Notes on source layout

  • The sssttt directories have parallel directory structures, containing a site python package for the django project, many python modules, but also directories for resources and frontend JS/CSS.

  • The hope for the top-level src directory containing python packages is that it makes it easier to run pytest/mypy/black across all our python code at once.

  • Python test files should be named test_blah.py and go in the same directory as the code they are testing. Do not create separate test directories. Tests are easier to find, update, and create when they are right next to the code they are testing, not in some other directory.

    There are arguments for and against both the test_foo.py and foo_test.py conventions; we flipped a coin and settled on test_foo.py.

  • That said, the cypress integration tests will live in their separate cypress folders. It is likely that there will be some shared tests in morphodict/cypress that will be used by every dictionary application, in addition to dictionary-specific tests.

  • We’re not specifying a new structure for the frontend JS/CSS code here. For now, we’ll keep doing whatever we’ve been doing, only the files will be stored in directories called frontend instead of src.

    We’ll start with everything in src/morphodict/frontend but language-specific JS/CSS will eventually go in src/sssttt/frontend.

Migration procedure

This proposal does not need to be adopted all at once or block other work.
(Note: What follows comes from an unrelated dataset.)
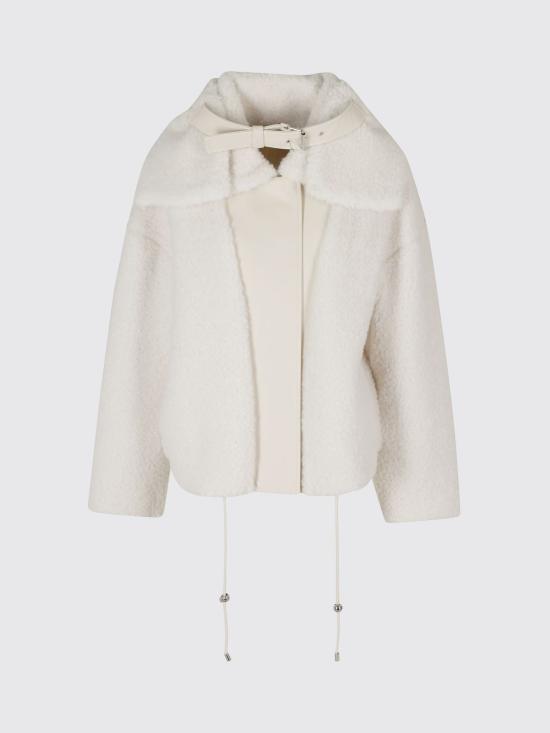26FW 스포트막스 코트 2622906012600 001 Ecru - SPORTMAX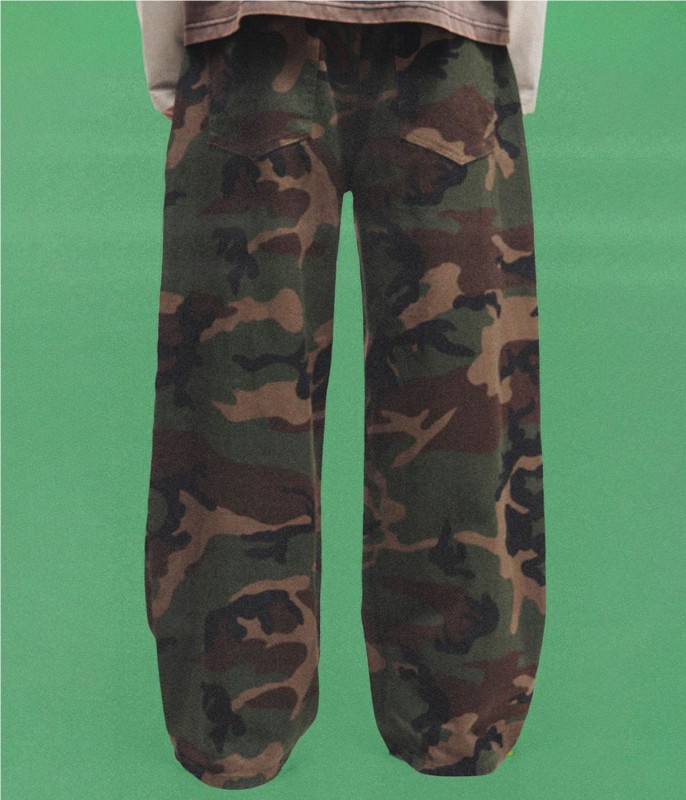 BOGART SB DENIM CAMO PANT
Instead this proposal exists so that, when code must be moved in order to accomplish higher-level goals such as making a dictionary work for a new language, there are guidelines in place for where to move the code to. That way itwêwina development doesn’t have to be blocked on moving everything around, and development on new languages doesn’t have to be blocked as often on figuring out where code should move to and what it should be called.

This proposal is our best guess at how we can address some of the issues we’ve run into in the past, and expect to run into in the future; if something in here ends up not being workable, or causes more issues, then by all means, update this plan.

The rough idea is:

  • A crkeng directory is created for itwêwina following the new structure. It imports all the code from CreeDictionary.

  • Work on itwêwina continues in the CreeDictionary package as normal, it’s just moved into the src directory, and gets run from ./crkeng-manage

  • As we work to get parts of non-Plains Cree dictionaries working, we move code from CreeDictionary into either morphodict for language-independent stuff, or sssttt directories for things specific to certain language pairs.

    As pieces are moved out of CreeDictionary, pre-existing work on itwêwina will start to happen in crkeng and morphodict as well.

We can measure our progress somewhat by watching CreeDictionary shrink as it moves into crkeng and morphodict.

PS:

  • In Python code, prefer absolute imports to relative ones for now, as they are more explicit, and will allow us to grep for CreeDictionary.